Wednesday, April 23, 2008

the retributivist instinct?


the following paragraphs conclude jared diamond's recent essay, "vengeance is ours: what can tribal societies tell us about our need to get even?".  in it he implicitly and explicitly compares two stories-- the first of daniel, member of the handa clan in the new guinea highlands, who avenged the death of a beloved uncle at the cost of 'three years, twenty-nine more killings, and the sacrifice of three hundred pigs"-- the second of jozef, diamond's father-in-law, who lived a long life of ambivalent regret after giving up the chance to shoot the holocaust-era murderer of his mother and sister (who the polish state later set free).  

"we regularly ignore the fact that the thirst for vengeance is among the strongest of human emotions.  it ranks with love, anger, grief, and fear, about which we talk incessantly.  modern state societies permit and encourage us to express our love, anger, grief, and fear, but not our thirst for vengeance.  we grow up being taught that such feelings are primitive, something to be ashamed of and transcend.

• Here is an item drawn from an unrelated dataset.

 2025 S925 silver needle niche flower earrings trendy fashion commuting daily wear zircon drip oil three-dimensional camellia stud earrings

there is no doubt that state acceptance of every individual's right to exact personal vengeance would miake it impossible for us to coexist peacefully as fellow-citizens of the same state.  wotherise, we, too, would be living under the conditions of constant warfare prevailing  in non-state societies like those of the new guinea highlnads.  in that sense, jozef was right to leave punishment of his mother's killer to the polish state, and it was tragic that the polish state failed him so shamefully.  yet, even if the killer had been properly punished, jozef would still have been deprived of the personal satisfaction that daniel enjoyed.

my conversations with daniel made me understand what we give up by leaving justice to the state.  in order to induce us to do so, state societies and their associated religions and moral codes teach us that seeking revenge is bad.  but, while acting on vengeful feelings clearly needs to be discourages, acknowledging them should be not merely permitted but encouraged.  to a close relative or friend of someone who has been killed or seriously wronged, and to the victims of harm themselves, those feelings are natural and powerful.  many state governments to attempt to grant the relatives  of crime victims some personal satisfaction, by allowing them to be present at the trial of the accused, and, in some cases, to address the judge or jury, or even to watch the execution of their loved one's murderer.

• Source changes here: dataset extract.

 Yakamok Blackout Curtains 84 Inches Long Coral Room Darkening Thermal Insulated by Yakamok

daniel concluded his story in the happy, satisfied, staightforward tone in which he had recounted the rest of it.  'now, when we visit an ombal village to play basketball, and isum comes to watch the game in his wheelchair, i feel sorry for him,' he said.  'occasionally, i go over to isum, shake his hand, and tell him, 'i feel sorry for you.'  but people see isum.  they know that he will be suffering all the rest of his life for having killed soll.  people remember that isum used to be a tall and handsome man, destined to be a future leader.  but so was my uncle soll.  by getting isum paralyzed, i gained appropriate revenge for the killing of my tall and handsome uncle, who had been very good to me, and who would have become a leader.'"


gripped as i am by the philosophical issues surrounding agency and retributivism, and admiring as i am of jared diamond's work, you might imagine the excitement i felt when this caught my eye as i skimmed the index page of this week's new yorker. i read it through once and felt terribly disappointed. i read it again and just felt discomfited-- although not, i think, in precisely the way that diamond surely intended this essay it discomfit us all.  but i might be giving myself too much credit here, so i've decided to sit with this one a little longer, to meditate and stew a little on the essay and my reaction to it.

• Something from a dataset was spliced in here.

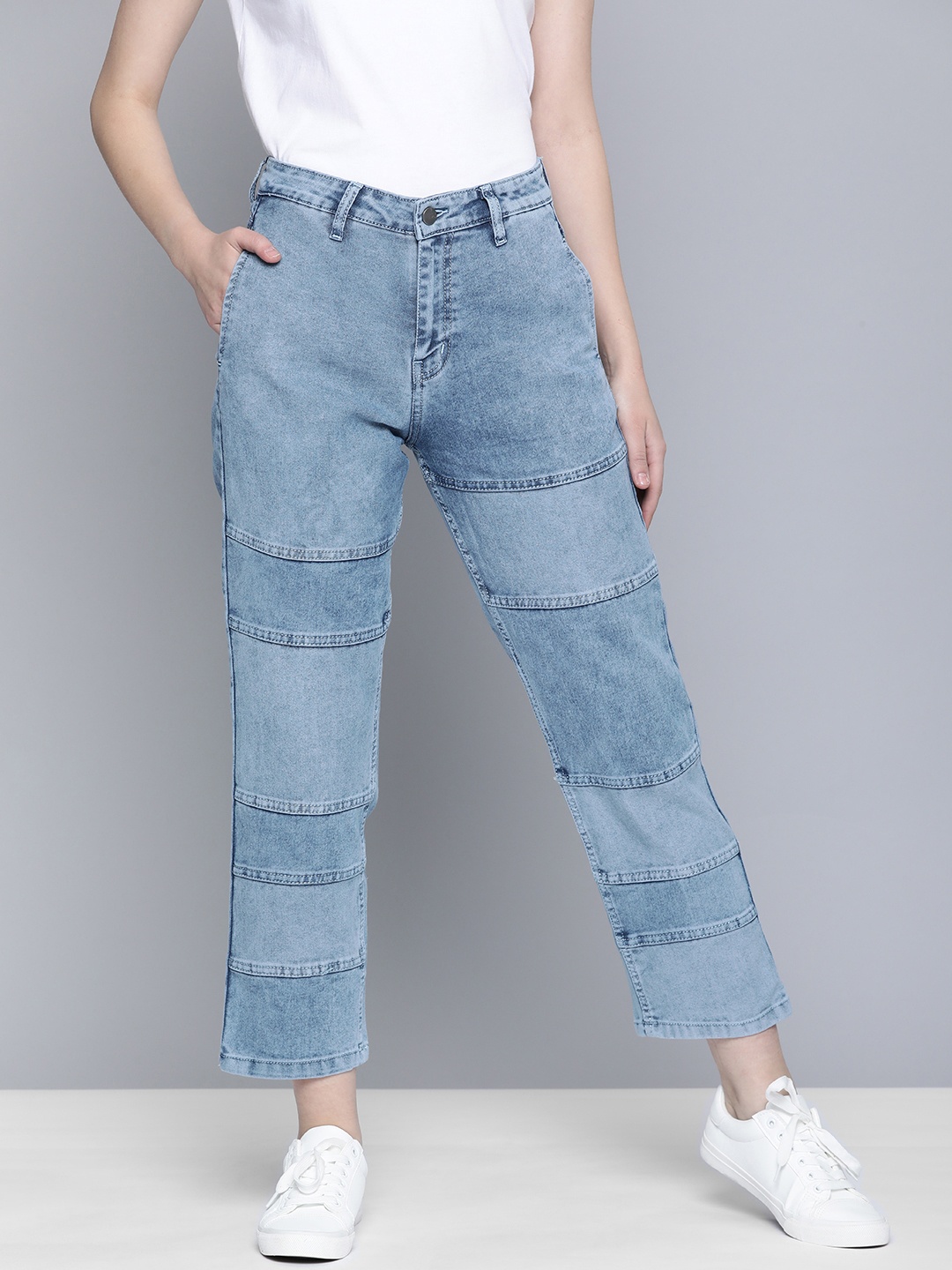 

Mast & Harbour Women Straight Fit Heavy Fade Stretchable Cropped Jeans, Blue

anyway, it's a little unfair to just have you read the end, given that most of the rest of the essay does the important work of telling the full story of daniel, so that the western reader can't comfortably demonize or distance herself from him-- but i urge you to either take this for granted or, if you can't, to go read for yourself.  my discomfort does not arise from a sense that vengeance or it's taking is monstrous or primitive.